→ MATERIAL SHOWN
+ + + +

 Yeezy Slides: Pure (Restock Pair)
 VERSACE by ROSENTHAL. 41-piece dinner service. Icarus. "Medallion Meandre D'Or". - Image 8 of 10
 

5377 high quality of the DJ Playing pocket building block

+ + + +

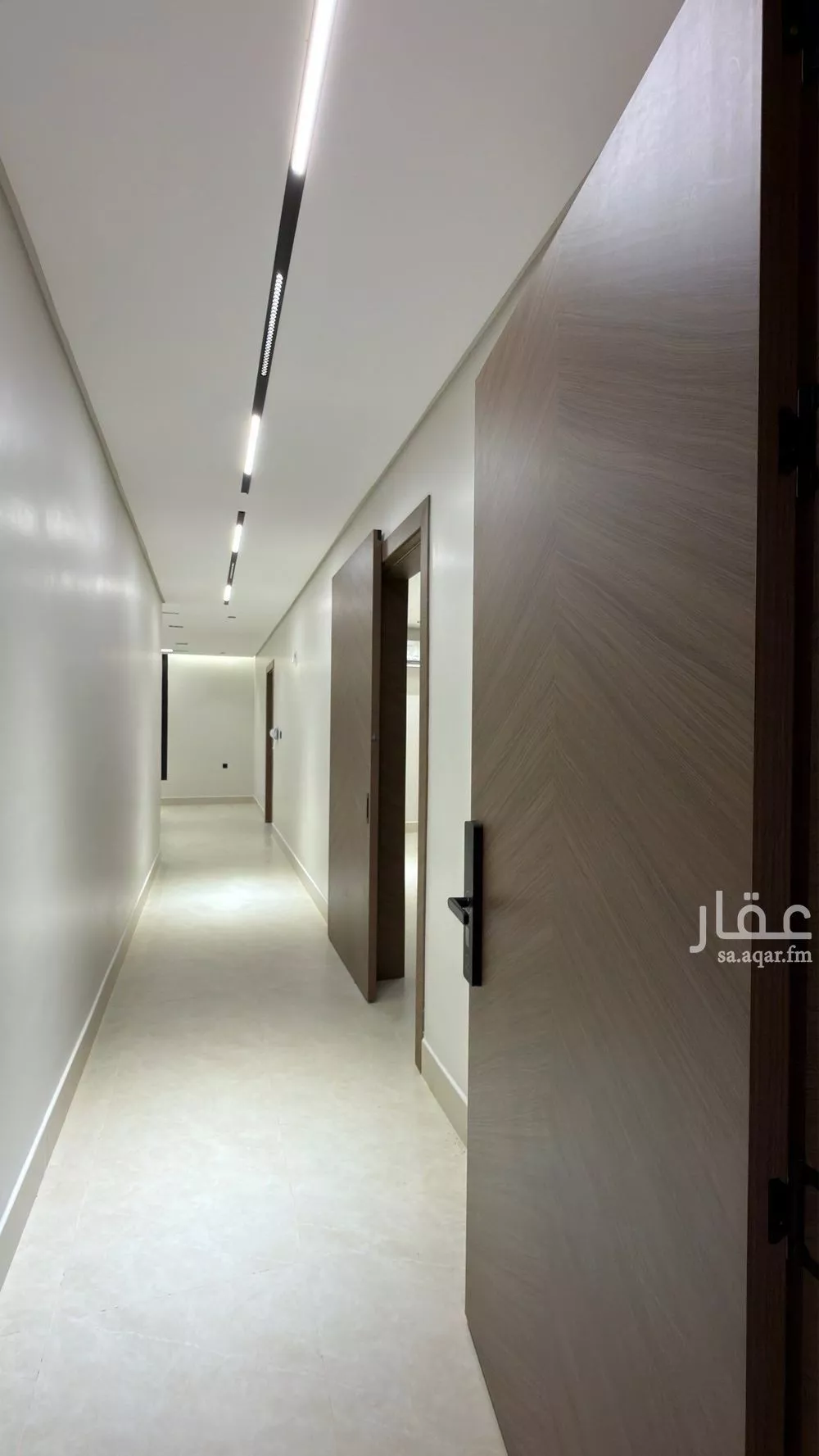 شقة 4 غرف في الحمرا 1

+ + + +

Take the stretch of lines above from the one containing "Yeezy Slides: Pure (Restock Pair)" through the one containing "5377 high quality" and repeat it exactly, adding no other line.

 Yeezy Slides: Pure (Restock Pair)
 VERSACE by ROSENTHAL. 41-piece dinner service. Icarus. "Medallion Meandre D'Or". - Image 8 of 10
 

5377 high quality of the DJ Playing pocket building block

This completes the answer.